It is no surprise that police in the United Kingdom consider the prevention of domestic homicide a top priority. The London Metropolitan Police Service (MPS) is the UK’s largest police force that is estimated to respond to 25 cases of domestic homicide per year (see supplemental materials for estimate computation)9,10. With each case costing £2.2 million2, these domestic homicide cases translate to an annual loss of £55 million, and they also inflict profound psychological damage on those affected by the homicide3,4,5.

Unsurprisingly, the MPS has a demonstrated interest in preventing domestic homicide, and they have attempted to do so via forecasting. Forecasting is often the first step in crime prevention11; it involves predicting who will commit a crime so that police can attempt to stop them, and it typically demands access to a large amount of data. To implement forecasting, the MPS has amassed a rich internal dataset of domestic abuse cases as well as a risk assessment system. Unfortunately, the MPS’s current forecasting procedure has been deemed weak (P. Neyroud, pers. comm., May 25, 2023), and calls are made to identify alternative, more advanced prediction instruments based on artificial intelligence12.

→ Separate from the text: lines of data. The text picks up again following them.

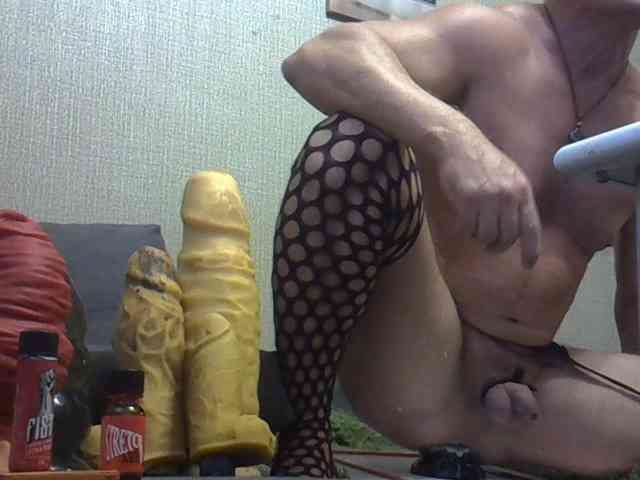 FISTCAMM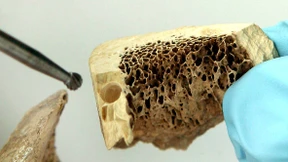 Die Frühgeschichte Ozeaniens umschreiben?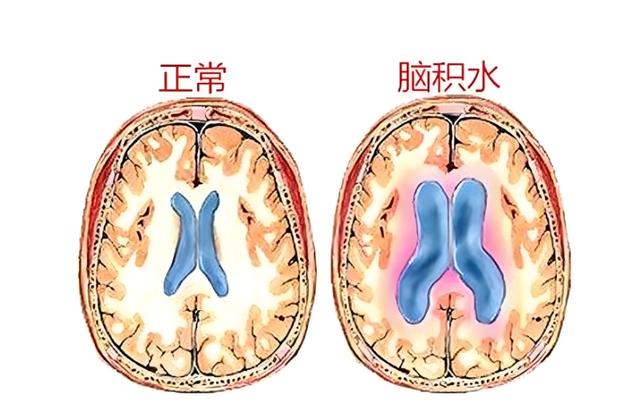 什么是脑积水？有什么症状？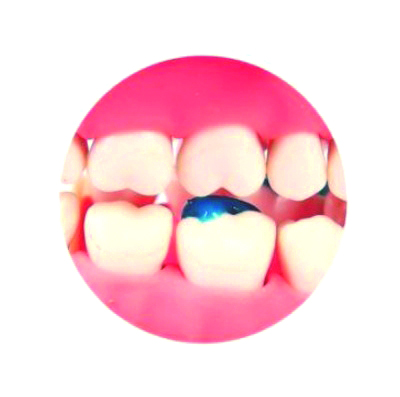 Band Cement "Blue" Set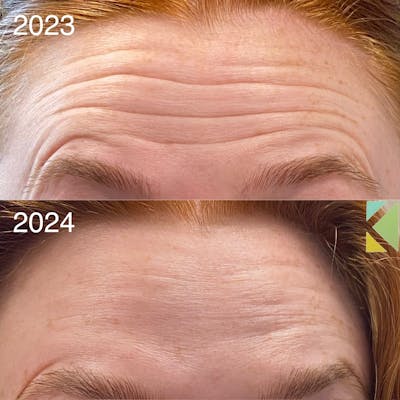 Botox Before & After Gallery - Patient 184390 - Image 1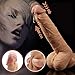 Realistic Vibrating Dildo G-spot Vibrator with 360°Rotation, Recharge Waterproof Penis with Suction Cup and Remote Control, Treediride Clit Nipples Stimulator Massager for Women or Couple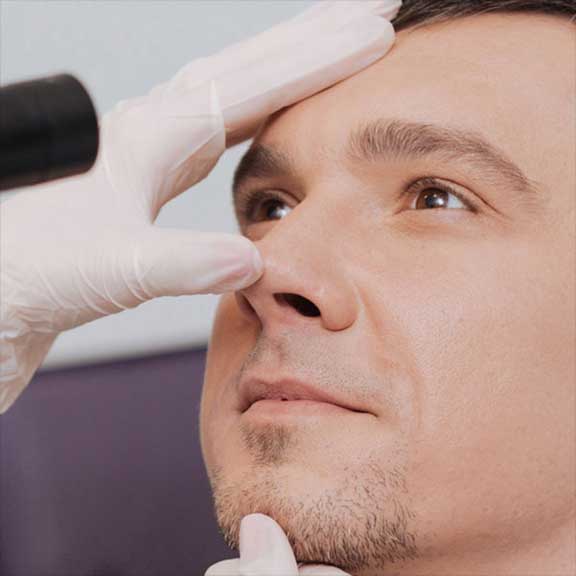 Nose Doctor in Carlsbad, CA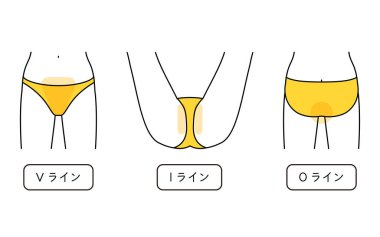 Hair Removal Illustrations for Women VIO - Translation: V-Line, I-Line, O-Line
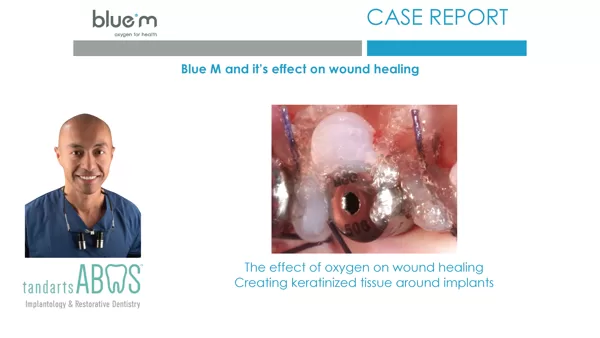 BlueM_case_report_EN_Abas_3_creating_keratinized_tissue_around_implants-_oral_gel_2017-1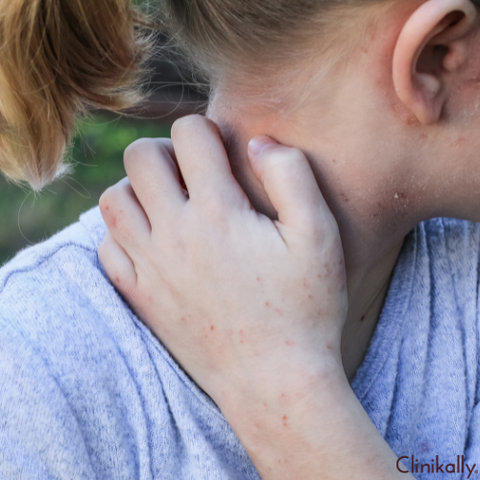 Laundry detergent breakouts
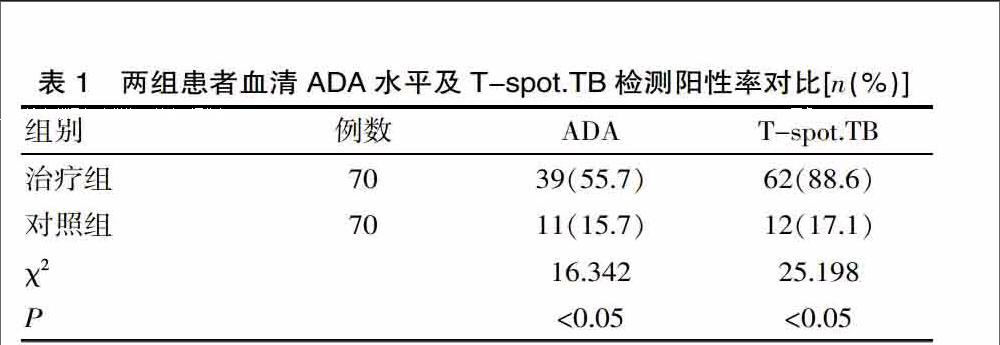 血清ada水平和t Spot Tb联合检测在肺结核诊断中的应用 参考网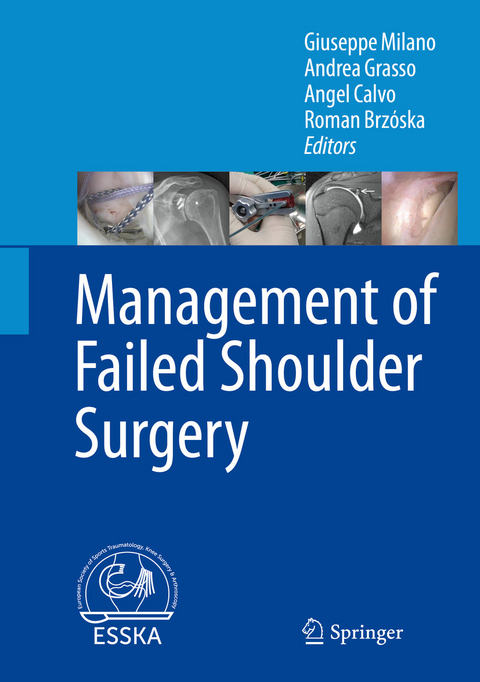 Management of Failed Shoulder Surgery - 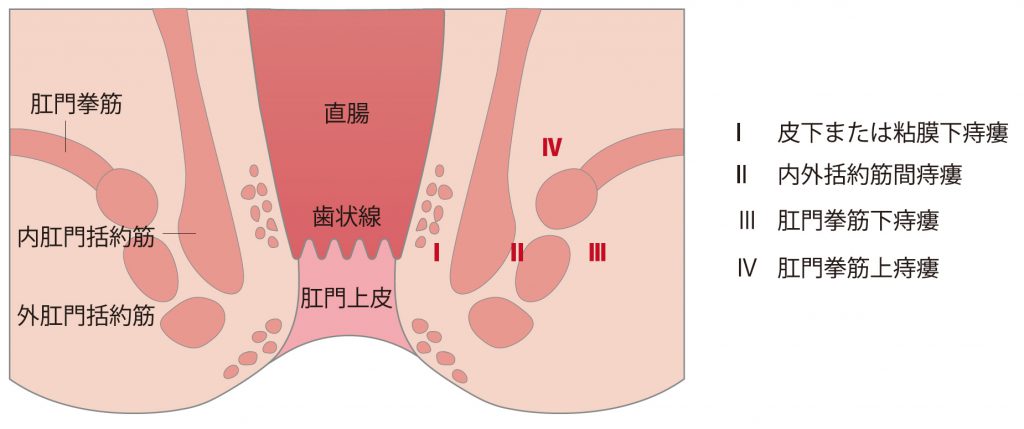 痔瘻の隅越分類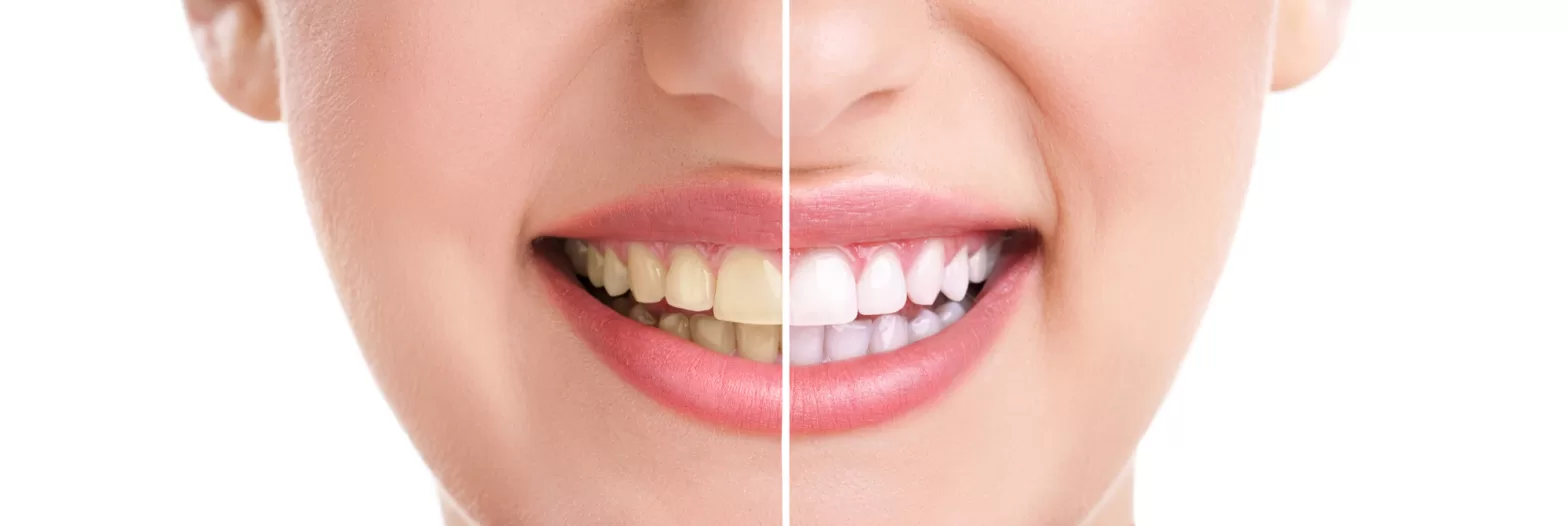 what you should know about teeth whitening understanding the positive and negative effects of teeth whitening treatments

Machine learning can be used to create these prediction instruments. Specifically, machine learning is a branch of artificial intelligence in which the computer learns patterns in data13. It has shown great promise in multiple criminal justice studies14,15,16,17,18, including domestic abuse19, and it has a demonstrated history of producing valid forecasting instruments20. Can the MPS—or police departments globally—use machine learning to improve the forecasting accuracy of domestic homicide? This question is presently unanswered.

This paper aims to investigate the utility of machine learning in domestic homicide forecasting using existing police records. Specifically, the article applies innovations from machine learning—the implementation of a “super learner”—to the MPS’s domestic abuse dataset to illustrate its utility in forecasting domestic homicides. To further illustrate its utility, the performance of the super learner will be compared to the performance of the MPS’s current risk-rating system, as well as the performance of two other state-of-the-art domestic homicide forecasting tools: the Lethality Assessment Programme and the Danger Assessment (see supplemental materials for review)21,22,23. This super learner’s implementation may therefore help police across the globe detect domestic homicides before they turn fatal, using their own data, thereby preventing them and mitigating this costly and insidious crime. It may also replicate earlier findings on super learning, a type of ensemble learning, illustrating how it can be applied to this new type of dataset.

Results

Super learner outperforms all individual machine learning models

The super learner ensemble should be able to either outperform or perform just as well as any individual machine learning model that went into its construction24,25. To test this assertion, the performance of the entire super learner was compared to the performance of all the individual models used to construct it, and the results appear in Table 1. This assertion was upheld: the super learner was the single best-performing model on the MPS dataset, producing an AUC score of 0.7104, whereas the next best-performing model produced an AUC score of 0.6681.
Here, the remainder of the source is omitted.